Given that fact, should you not use MongoDB if you are looking for a consistent event store but rather stick with a conventional RDMS, or is there a way around this problem?
I'm not familiar with the term "event store" as you are using it, but I can address some of the issues in your question. I believe it is probably reasonable to use MongoDB for what you want, with a little bit of care.
In MongoDB, each document has an _id field which is by default in ObjectId format, which consists of a server identifier, and then a timestamp and then a sequence counter. So you can sort on that field and you'll get your objects in their creation order, provided the ObjectIds are all created on the same machine.
Most MongoDB client drivers create the _id field locally before sending an insert command to the database. So if you have multiple clients connecting to the database, sorting by _id won't do what you want since it will sort first by server-hash, which is not what you want.
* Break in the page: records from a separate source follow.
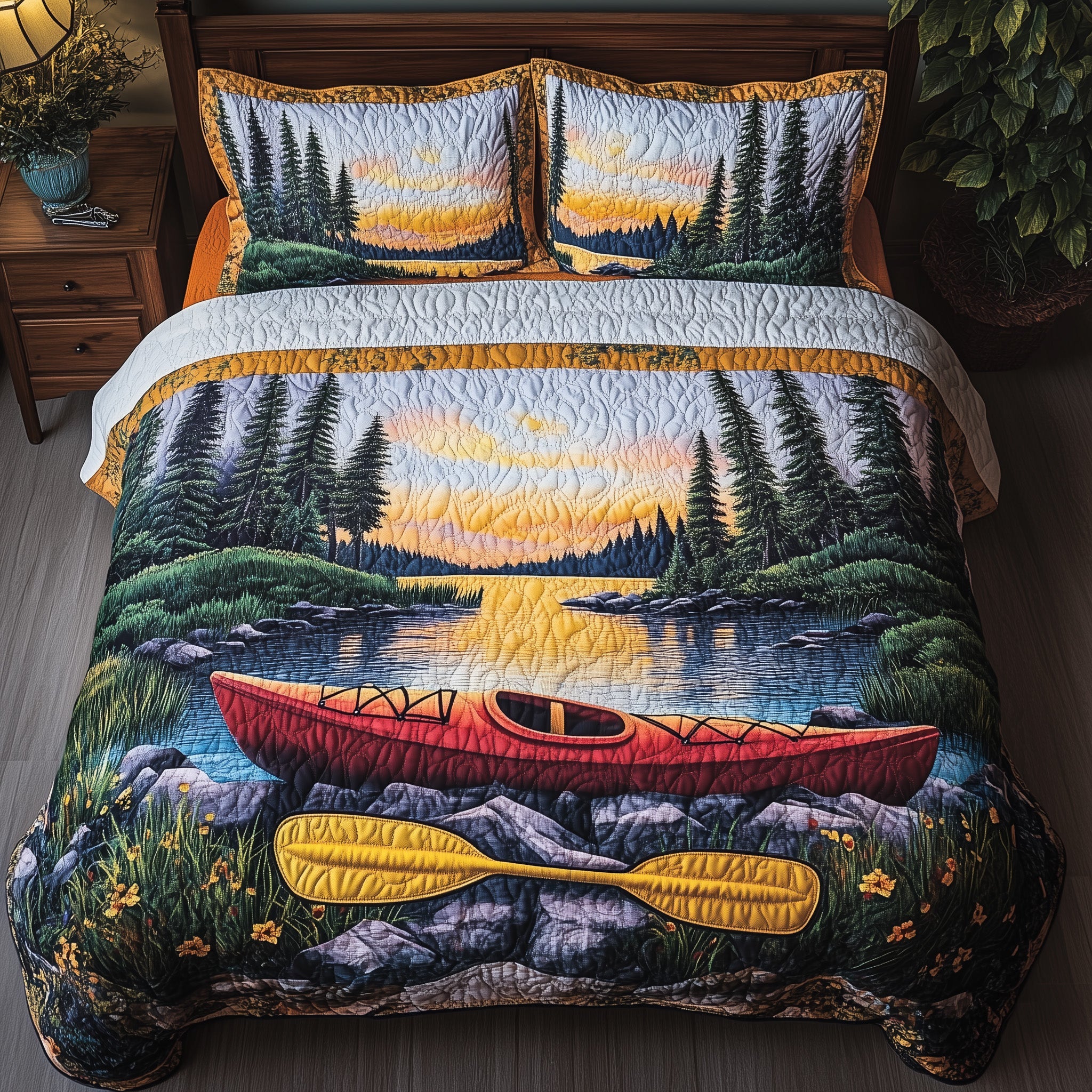 Twilight Paddling Quilted Bedding Set Duvet Cover Merchandise Kayaking Gifts For Dad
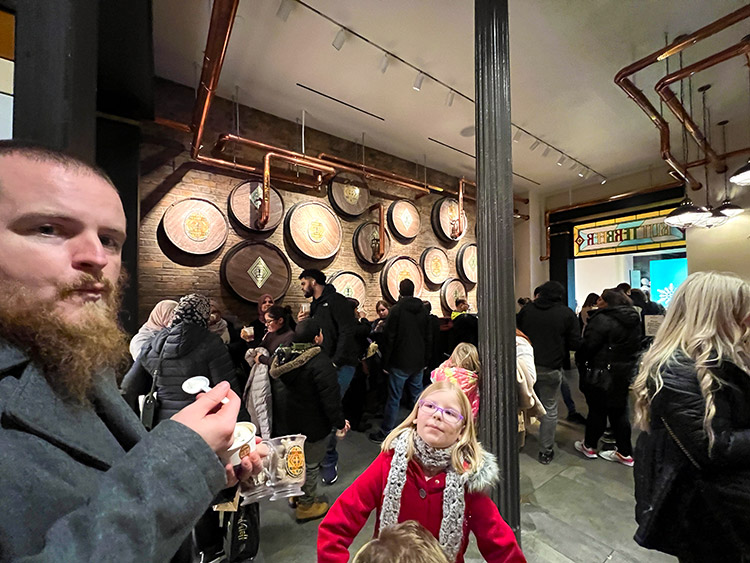 the Butterbeer room at Harry Potter New York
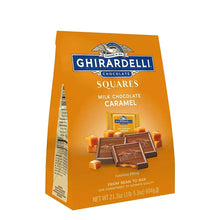 Ghirardelli milk chocolate caramel squares box showing front and side panel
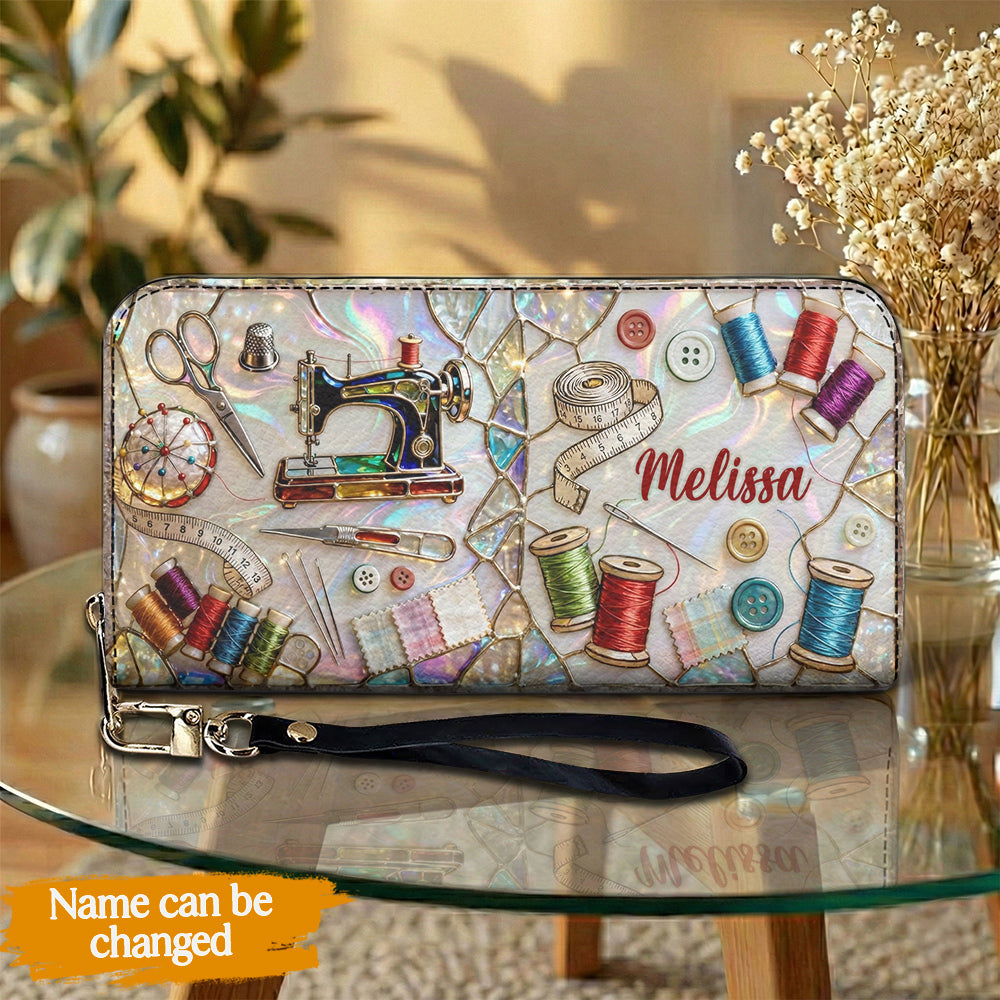 Sewing Lover Leather Wallet Personalized Sewn With Sparkle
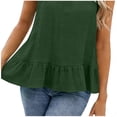 thumbnail image 5 of Felirenzacia Women's Halter Neck Ruffle Hem Tank Top, 2026 Spring Summer Soft Lightweight Flowy Spaghetti Strap Sleeveless Top,Army Green,M, 5 of 8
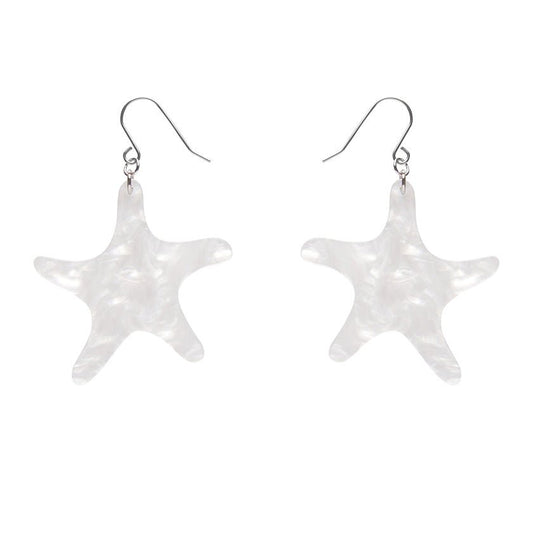 Starfish Ripple Drop Earrings - White - Rockamilly-Jewellery-Vintage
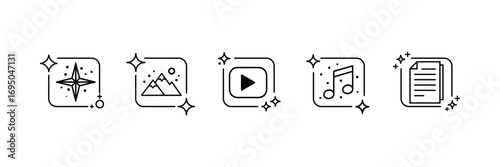 Collection of magical media icons for digital content creation and multimedia applications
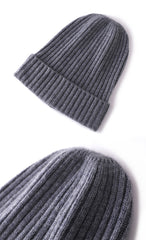 Classic Knit Winter Cashmere Ribbed Beanie Hat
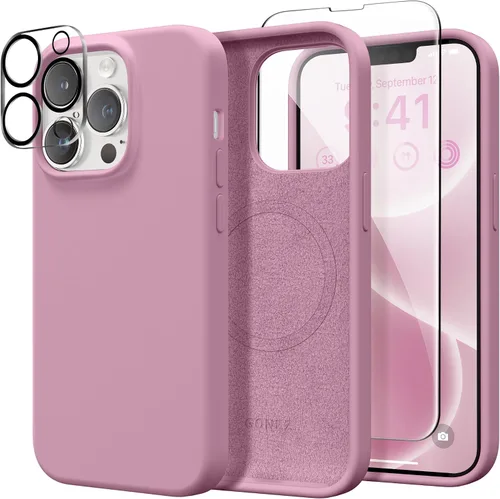 Vista 81 de GONEZ Funda magnética para iPhone 14, compatible con Magsafe, con protector de pantalla + protector de cámara, forro de microfibra antiarañazos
But if you can convince your MongoDB client driver to not include the _id in the insert command, then the server will generate the ObjectId for each document and they will have the properties you want. Doing this will depend on what language you're working in since each language has its own client driver. Read the driver docs carefully or dive into their source code -- they're all open source. Most drivers also include a way to send a raw command to the server. So if you construct an insert command by hand this will certainly allow you to do what you want.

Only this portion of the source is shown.